The easy-going groove of "Glitterati" recalls Lalo Schifrin's glory days with a New Orleans jazz twist. On the slower end of the sonic spectrum, "Old Creed" slinks along lazily with each player adding his personal stamp to the mix. "It wasn't like we wanted to just go into the studio and show off," laughs D'earth. "We wanted to each add something without overwhelming the whole." ModeReko is a study in harmony, as each player's contributions merge seamlessly. Read has always been impressed with the foursome's ability to coordinate the ebb and flow of the music: "We just come together in a very natural and organic way," he says. "Our styles complement each other, whether we're composing or just jamming."
With a rolling bass line and harmonious cacophony of horns, "Nitrous" slips between time signatures and tempos with an easy grace that makes for beautiful listening. ModeReko closes out with "Heart of Seoul," an ambitious mini-epic filled with street sound samples, drum loops, otherworldly guitar noodling, and a fresh-faced enthusiasm for the art of making music. Looking back, the song naming process was the most difficult part of the whole project. "It's really hard to give titles to instrumental music," Read says. "Our music is pretty colorful and imagistic. To find titles you have to think ?Do I want something meaningful? Something evocative? Something that's just a throw-off?' We have a sense of humor with wordplay and things that are off-kilter." A perfect example of this is "Sahara Sod," which is a play on Scheherazade, the fairytale princess from Arabian Nights. D'earth has a very laid back attitude about the titles as well, "We're not taking it all that seriously as far as the titles go right now. I'm sure we'll get very pompous with our titles at some point, I hope," he jokes.

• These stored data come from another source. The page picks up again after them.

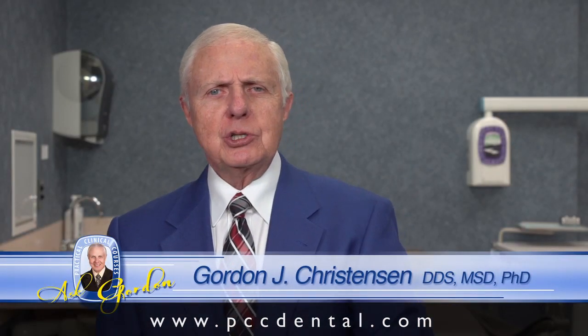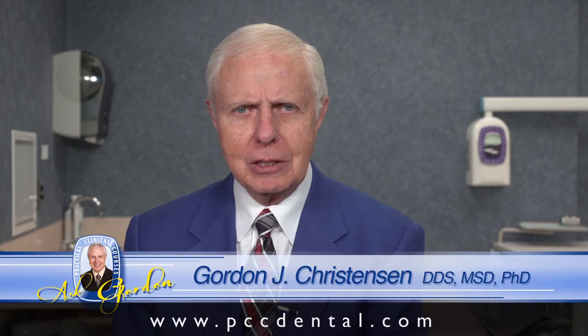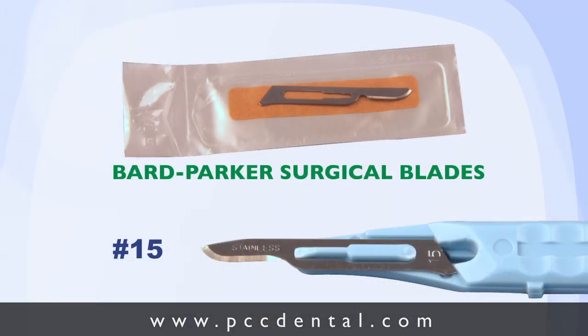That seems like a weird question — disposable scalpels. What in the world is that? Take a look. Here's a disposable scalpel on the bottom, and on the top is a blade to be put onto a handle, with which you can cut your glove or finger very nicely. And I've done it again and again.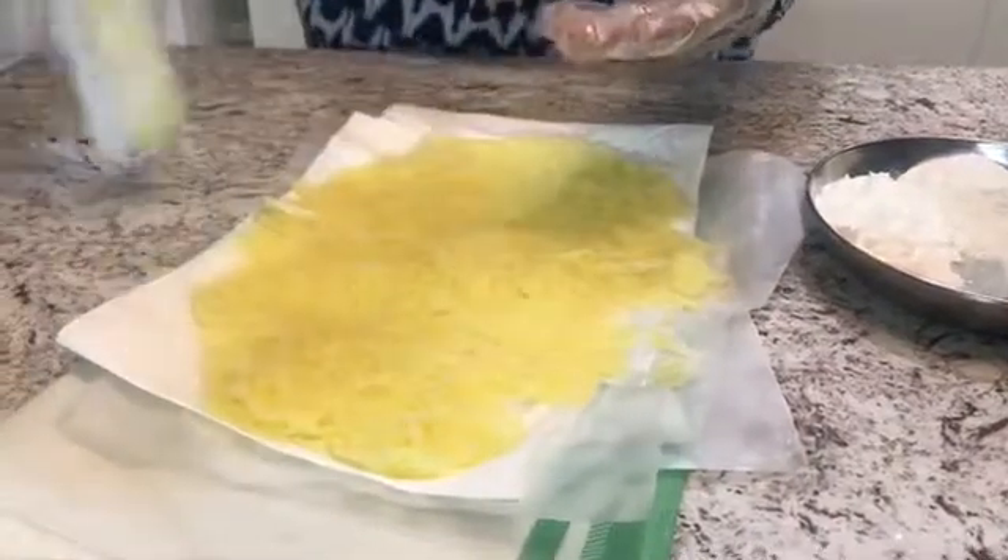I'm going to take all the potatoes and keep them in this bowl over here — they should just roll off. So we're just going to add in our flour, corn starch, rice flour, black pepper, and salt into this, and we're going to use our hands and just mix it all in.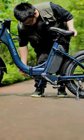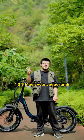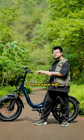Three, two, one, two, three. Match Cycle Jaguarundi, fold to your will.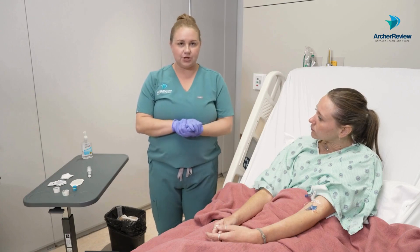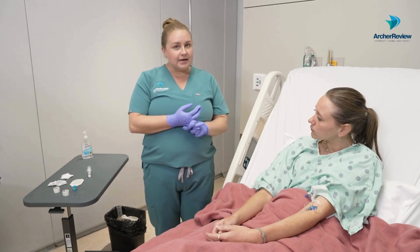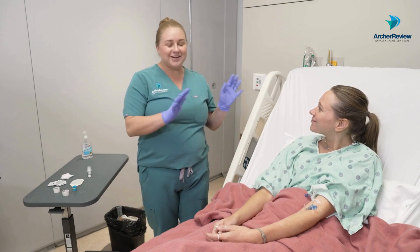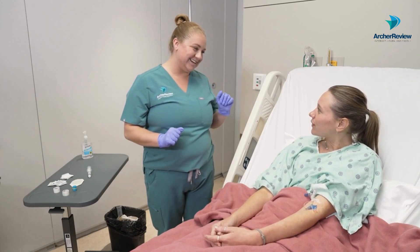As always, before you come into the room, we're going to verify our client's order and verify their identity with two different ID checks. So Ms. Caffrey, can you tell me your name and birthday so I can check your identity? Annie Caffrey, January 1st, 1998.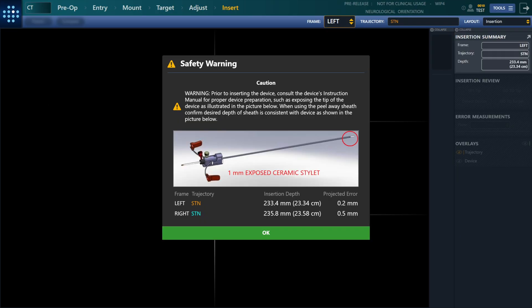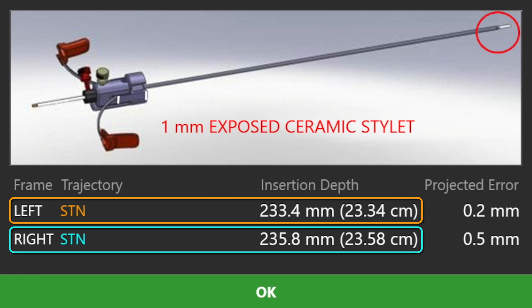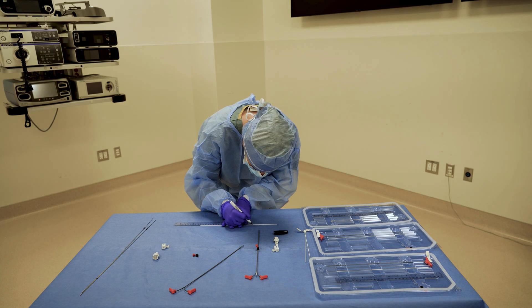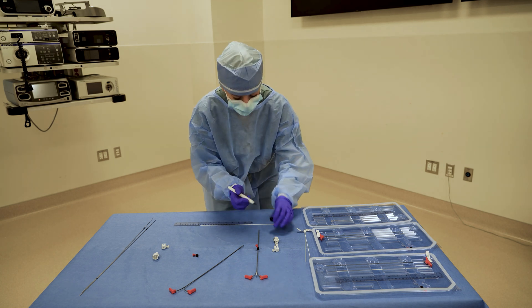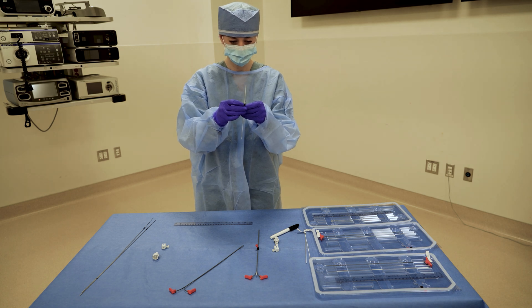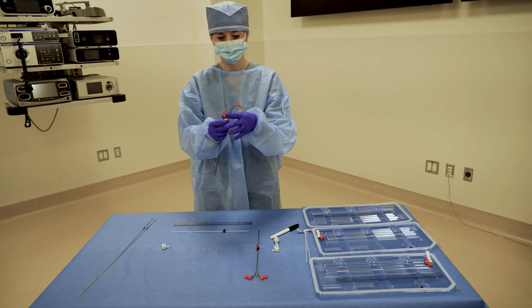The software will display insertion depths for each plan trajectory. The ceramic stylets are measured to the prescribed depth. A peel-away sheath assembly is created for each plan trajectory.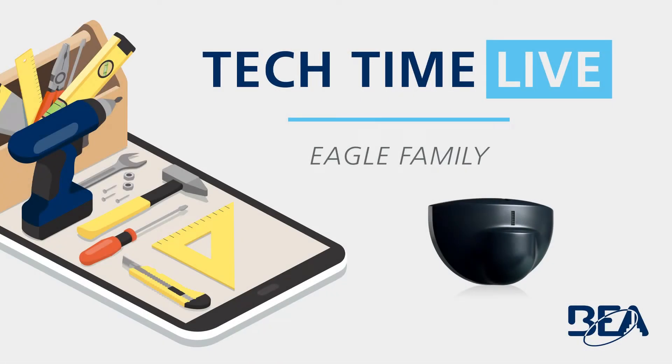Hello and welcome to Tech Time Live. My name is Jonathan Ott and I'm proud to be the digital marketing specialist for BEA. With me today is Jacob DiBattista, technical service specialist at BEA.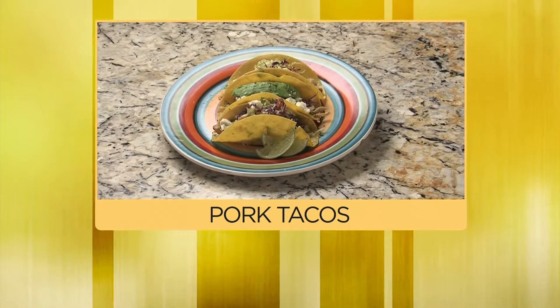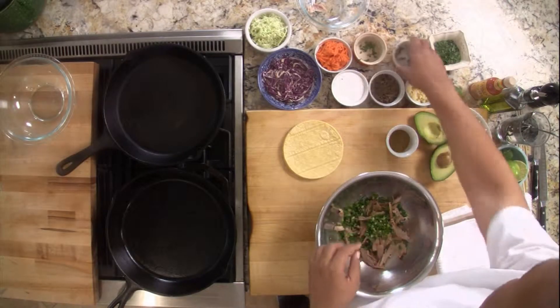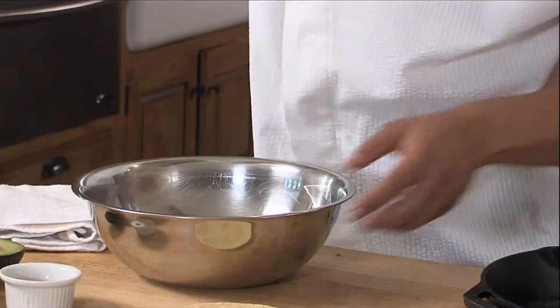Hi, I'm Chef Jeff, and today we're in the kitchen. It's all about the pork tacos. I've got a cup and a half of pulled smoked pork, about three tablespoons of scallions, one jalapeno, a little bit of olive oil, a tablespoon of cilantro, cracked pepper, a little bit of salt.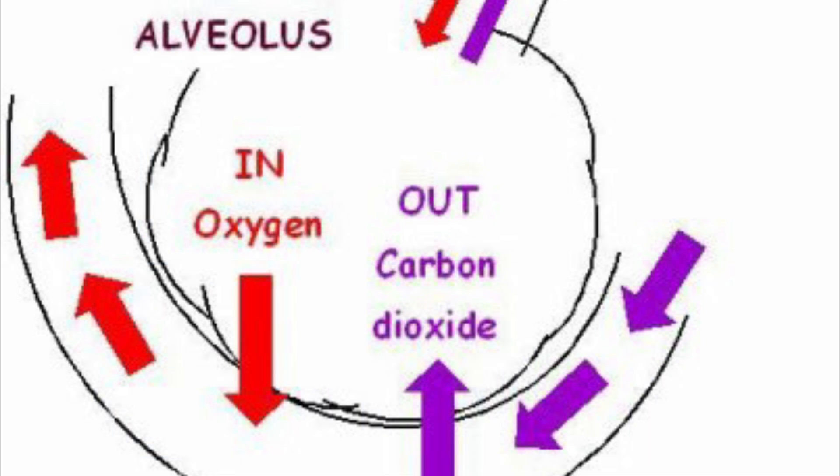This process is very similar to the diffusion of oxygen and carbon dioxide in your lungs. Oxygen moves from the alveoli into your capillaries from a place of high concentration to low concentration, and carbon dioxide moves from your capillaries into the alveoli from a place of high concentration to low concentration as well.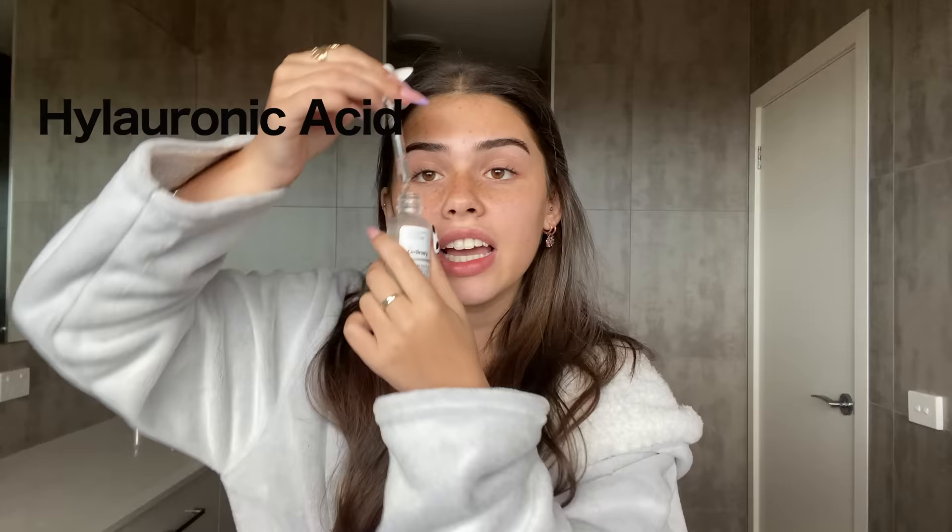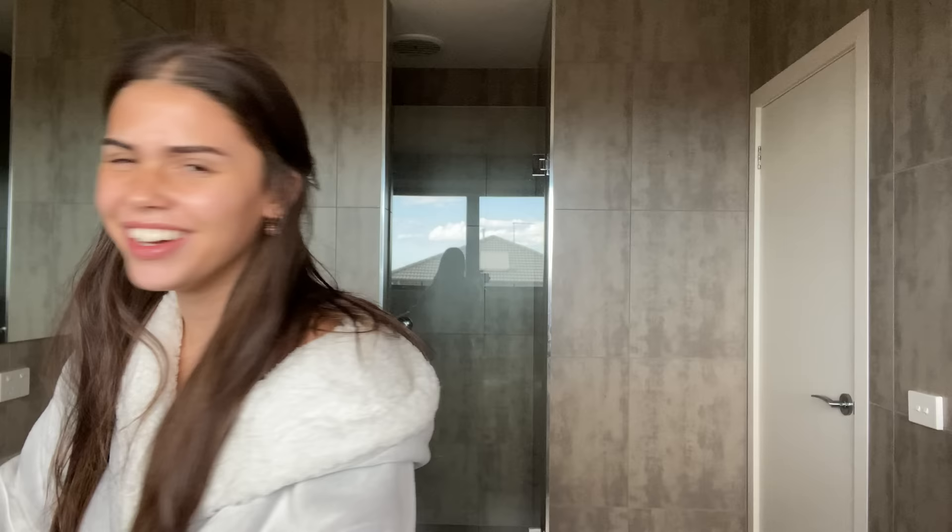Just damp, you know. I don't like to put much on, especially if I'm going to be wearing makeup — literally only one pump and then I press that into my skin. Then I put on the niacinamide — this is so good, again just one drop. This gets rid of pigmentation I think, but I love how it makes my skin look — it makes it extremely glowy.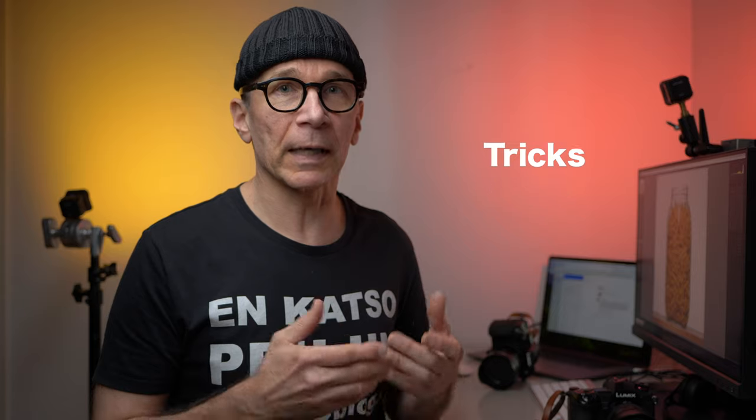Hi guys, my name is Matti Sulonto and in this video I'm gonna shoot one awesome product photo. I also have some product photo tips for you if you are into any kind of product photography at home, and some of these tips also apply to portrait photography. So stick around!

For all four, it was the most effortless and flexible project they'd embarked on, as D'earth recalls. "It's actually one of the easiest things I've ever done in my life in the studio. It was just so improvisatory with two microphones for the horn and everybody sitting there saying, ?why don't we try this?'" It was a surprisingly organic and natural process remembers Read: "We just started going about it and it just turned into a record and turned into a group." The band naming ritual was just as simple, the foursome just borrowed the first two letters from each member's last name and the ModeReko moniker was born. ModeReko is a lifelong dream come true for its four players. "It's really great and it's really scary, because there's so much to do," Read professes. "We're all going a million miles a minute working on things to get this all going and keep our other gigs going. Everyone in the music business spends their whole life dreaming of something like this happening. We worked towards it, we hoped we'd come up with something we could put out and feel really good about, so we're psyched."